Assignment
Retype the listing below exactly, pictures removed.

Given data
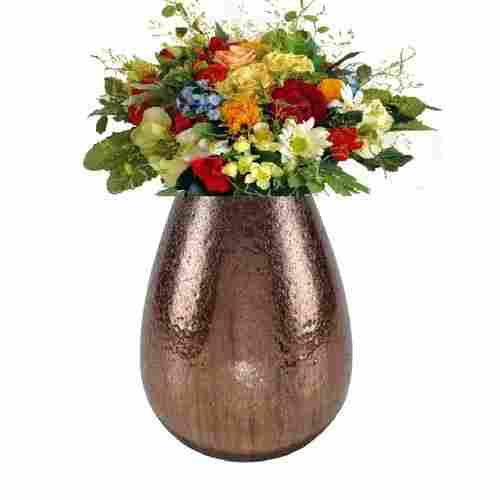 Royal Copper Silver Glass Flower Vase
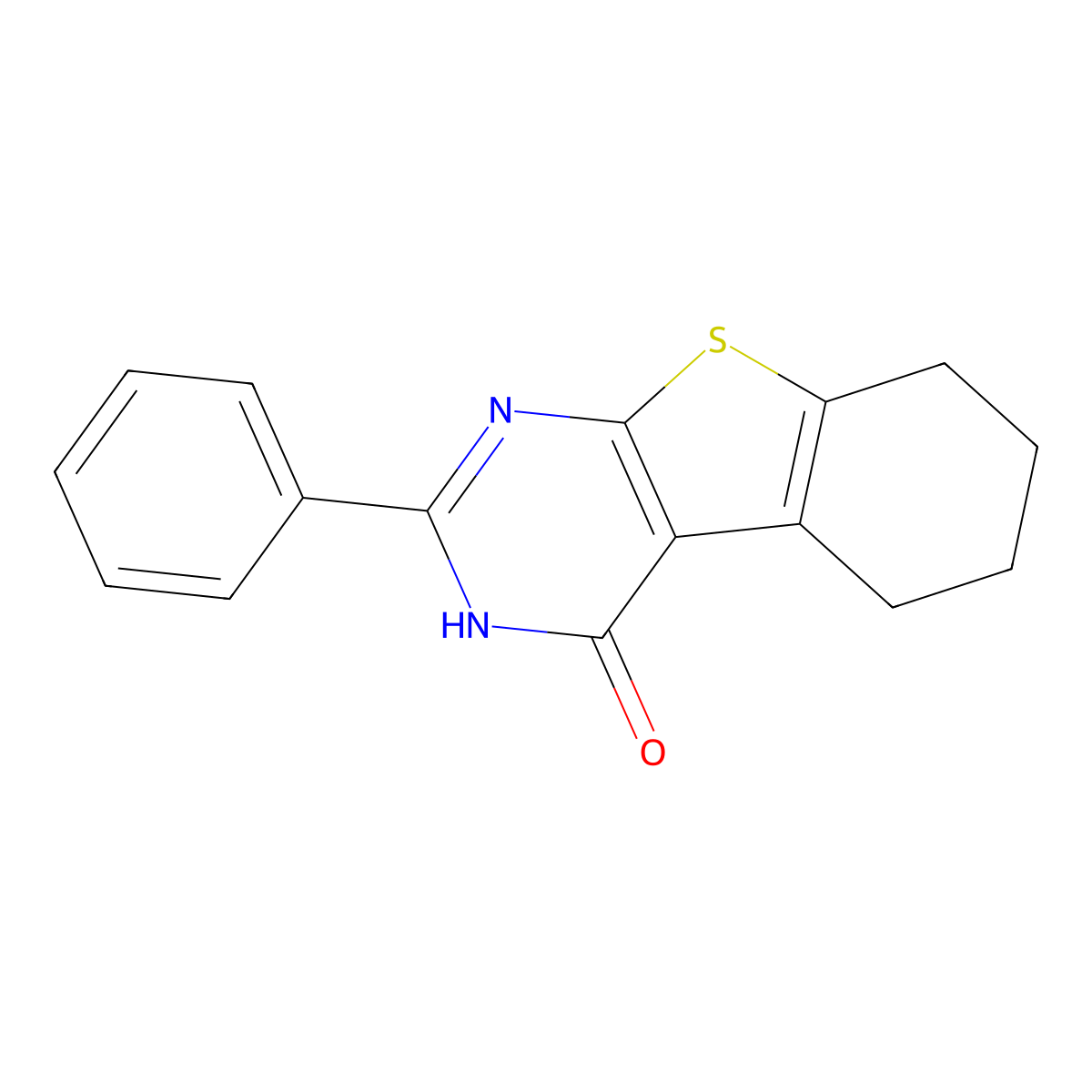 5,6,7,8-Tetrahydro-2-phenyl(1)benzothieno(2,3-d)pyrimidin-4(1H)-one molecular structure, CAS 19819-18-2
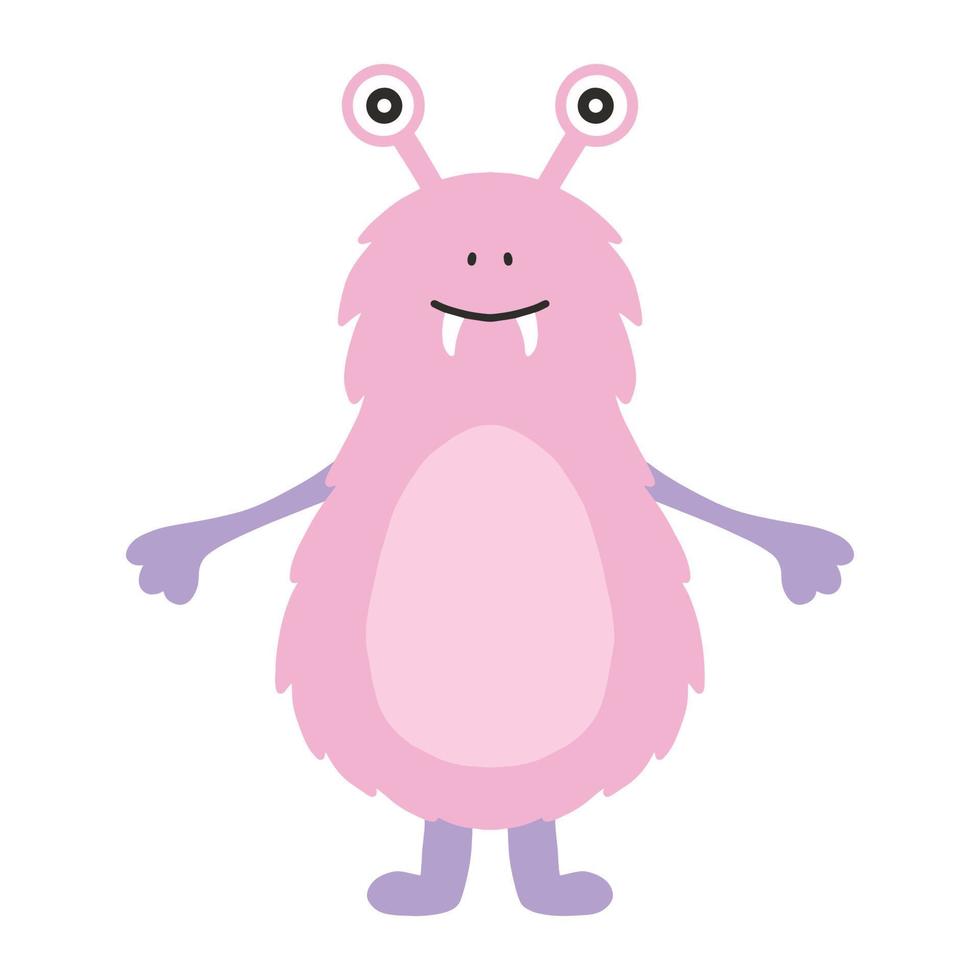 kinderachtig schattig monster. roze monster. getekende vreemdeling. vectorillustratie. vector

Exercise result
 Royal Copper Silver Glass Flower Vase
 5,6,7,8-Tetrahydro-2-phenyl(1)benzothieno(2,3-d)pyrimidin-4(1H)-one molecular structure, CAS 19819-18-2
 kinderachtig schattig monster. roze monster. getekende vreemdeling. vectorillustratie. vector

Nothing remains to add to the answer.